If their status should change in the future — e.g., change to an employer who does not offer health insurance — will they be able to obtain insurance in the exchange again? Will they have to wait for an open enrollment period to apply?
One of the benefits of the Affordable Care Act is that it creates marketplaces to allow people to buy health insurance not connected to their employment. This means if you don’t have a job, lose a job or switch jobs, none of those actions will affect your ability to get access to health insurance and possibly insurance coverage that comes with subsidies to reduce your cost.
So to answer this grandmother, yes, both her grandchildren can get coverage. And if their status changes, they can drop their marketplace coverage. There will not be a penalty if they obtain other insurance. They would be eligible for a special enrollment period, or SEP, which allows people to change their insurance if they have a qualifying life event such as moving to a new state, getting married or divorced, or having a baby.
The marketplace SEP begins 60 days before your individual coverage is terminated. If you wait until after you lose coverage, you have 60 days from the loss of the coverage to enroll in a new marketplace plan.
After this first open enrollment period — Oct. 1 to March 31 — consumers can enroll in the marketplaces from Oct. 15, 2014, to Dec. 7, 2014, for the following plan year.
I was told that eligibility for subsidies would be based on my 2012 income. Is this true? This presents a huge problem for households where the breadwinner (in our case, me) has lost her job in 2013. If I don’t get a job, how am I going to afford both insurance for me and my husband on a much-reduced income? We won’t be eligible for a subsidy based on my 2012 income. This, too, is a glitch, if those tasked with informing the community are not fully informed themselves!
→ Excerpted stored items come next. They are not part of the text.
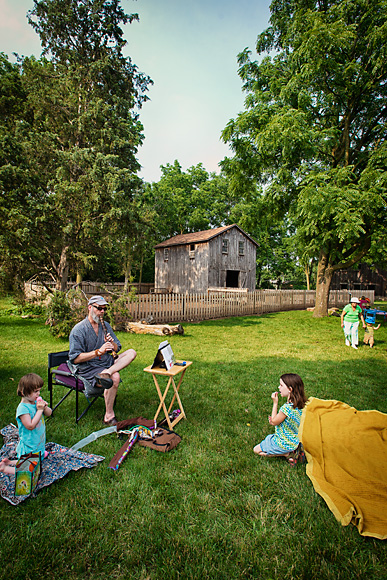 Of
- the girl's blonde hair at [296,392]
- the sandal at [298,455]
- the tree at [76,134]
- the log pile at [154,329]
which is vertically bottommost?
the sandal at [298,455]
You were given incorrect information. If you aren’t sure about information you are receiving on the exchanges, always fall back on going to www.healthcare.gov or go to the website created by your state if it has its own marketplace. On www.healthcare.gov, search for the question “What income and household information do I provide when I apply for Marketplace coverage?”
When you set up an account and apply for insurance on the exchanges, you’ll need to estimate your income for 2014. The information also will be used to determine whether you qualify for a premium tax credit that will lower the cost of your insurance. In the income estimate, you’ll include your salary, tips, net income from any self-employment or business, unemployment, Social Security payments, disability payments (but not Supplemental Security Income) and alimony.
When estimating your 2014 income, you also will have to include any retirement, investment and/or pension income, rental income and any other taxable income. You won’t have to include child support, veteran disability payments or worker’s compensation.
The overall income figure will be based on your modified adjusted gross income, or MAGI. But don’t worry if you don’t know your MAGI. When you fill out your application, the calculation will be done for you.
I am a veteran and I get my health care through the Department of Veterans Affairs. I am wondering if my VA insurance counts as my insurance for the ACA?
You don’t need to make any changes if you have insurance through TRICARE or the veterans healthcare program. For the purpose of the healthcare law, you’re considered covered.
Michelle Singletary is a financial columnist for The Washington Post.